1. The refractive index of mpSi and μpSi structures has some anisotropy.
a) True
b) False
Explanation: The refractive index of mpSi μpSi structures and presents certain anisotropy along the specific crystallographic axes. This anisotropy, which can range from 1 to 10 %, is associated with the elongated pore shape along the growth direction.
2. The porosity of mpSi and μpSi relies mainly on the ______________
a) thickness of the material
b) current density
c) etching agent
d) temperature
Explanation: The porosity of mpSi and μpSi relies mainly on the current density applied during the etching process. For this reason, multi-layered mpSi and μpSi structures, which consist of stacks of porous silicon layers featuring different levels of porosity, can be produced from top to bottom by modifying the current density in the course of the etching process.
3. μpSi and mpSi structures are widely used to produce optical structure.
a) True
b) False
Explanation: As a result of their geometric and optoelectronic properties, these structures have been extensively used to produce a variety of optical structures such as micro-cavities, distributed Bragg reflectors, waveguides, omnidirectional mirrors and rugate filters.
4. The effective refractive index of pSi can be varied with the current density.
a) True
b) False
Explanation: The effective refractive index of each layer is directly related with the porosity level. So, the effective refractive index of pSi can be engineered in depth by alternating the current density during the etching process.
5.Thickness of layers in the mpSi and μpSi structures can be controlled by_____
a) current density
b) etching agent
c) etching time
d) porosity
Explanation: The thickness of each layer can be precisely controlled by the etching time as the former is directly proportional to the latter. Therefore, the interaction between incident light and matter in mpSi and μpSi structures can be engineered to produce optical nanostructures for a broad range of applications.
6. mpSi and μpSi structures are used to develop distributed Bragg reflectors.
a) True
b) False
Explanation: Multilayered mpSi and μpSi structures can be used to develop distributed Bragg reflectors (DBR). Basically, a pSi-based DBR structure consists of multiple layers of pSi with different porosity levels and thicknesses
7. The structure of the mpSi- or μpSi-based DBR affects their refractive indices.
a) True
b) False
Explanation: The interfaces between two consecutive layers of dielectric material reflect incident light due to the effective refractive index contrast. Therefore, constructive light interference can be engineered by designing the structure of the mpSi- or μpSi-based DBR (i.e. by designing the porosity and thickness of each layer).

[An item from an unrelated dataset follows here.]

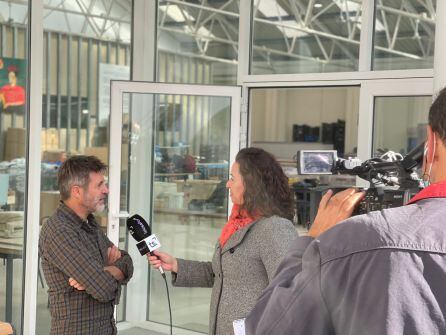 Paco Roca en la entrevista de Rocío Escrihuela para el Grupo Radio Gandia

8. DBR structures based on_____ can be implemented into Fabry–Pérot filters.
a) mpSi
b) pSi
c) SiO2
d) graphite
Explanation: DBR structures based on mpSi and μpSi can be implemented into Fabry–Pérot filters, also called optical microcavities, which are composed of two parallel DBRs with a space layer of different effective refractive index in between.
9. The effective optical thickness of the space layer is taken equal to _____
a) frequency
b) wavelength
c) amplitude
d) product of refractive index and density of the material
Explanation: The effective optical thickness of the space layer (i.e. product between the physical thickness and the effective refractive index of the layer) is typically engineered as the wavelength of the incident light or half of it.
10. Microcavities based on mpSi and μpSi can be used to develop optical pass-band filters.
a) True
b) False
Explanation: The reflectivity spectrum of microcavities based on mpSi and μpSi shows a narrow pass-band centred at the wavelength where the light is reflected with the highest intensity. Therefore, the structural design of microcavities based on mpSi and μpSi makes it possible to develop optical pass-band filters and sensors.